Space

NASA Rang In The New Year With A Historic Flyby

NASA's New Horizons spacecraft whizzed past the most distant object in the solar system ever to be explored.

NASA Rang In The New Year With A Historic Flyby
NASA / Alex Parker
SMS

Forget fireworks — NASA rang in the new year by sending one of its spacecraft whizzing past the most distant object in the solar system ever to be explored.

The New Horizons probe zoomed by the object in the Kuiper Belt shortly after midnight Tuesday morning.

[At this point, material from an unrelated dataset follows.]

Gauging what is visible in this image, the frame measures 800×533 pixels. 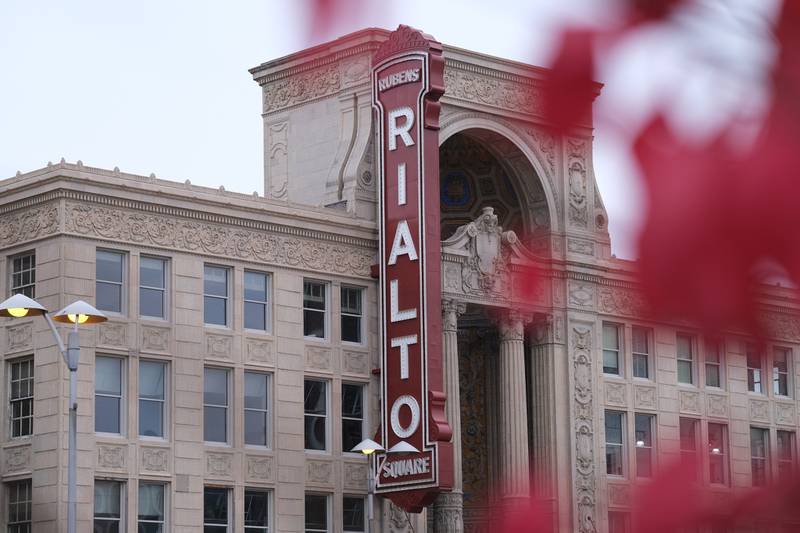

That object is temporarily nicknamed Ultima Thule, and it's orbiting about 4 billion miles away from the sun. 

Because the Kuiper Belt gets so little light from the sun, NASA believes Ultima is a frozen snapshot of what that part of the solar system was like when it was born 4.6 billion years ago. 

Astronomers didn't even know Ultima existed before 2014, and Tuesday marked the first time it was viewed up close — though "close" is a relative term, since New Horizons was still about 2,200 miles away on its closest approach to the object.

Data sent back after Tuesday's flyby confirmed Ultima is 20 miles long and is shaped sort of like a bowling pin. But scientists have not yet confirmed if it's one or two objects that are either orbiting around each other or even touching. It's expected to take 20 months for New Horizons to send back all the information it gathered on Ultima. 

New Horizons' journey to Ultima is actually its second historic mission. Launched in 2006, the spacecraft became the first ever to fly past the dwarf planet Pluto in 2015.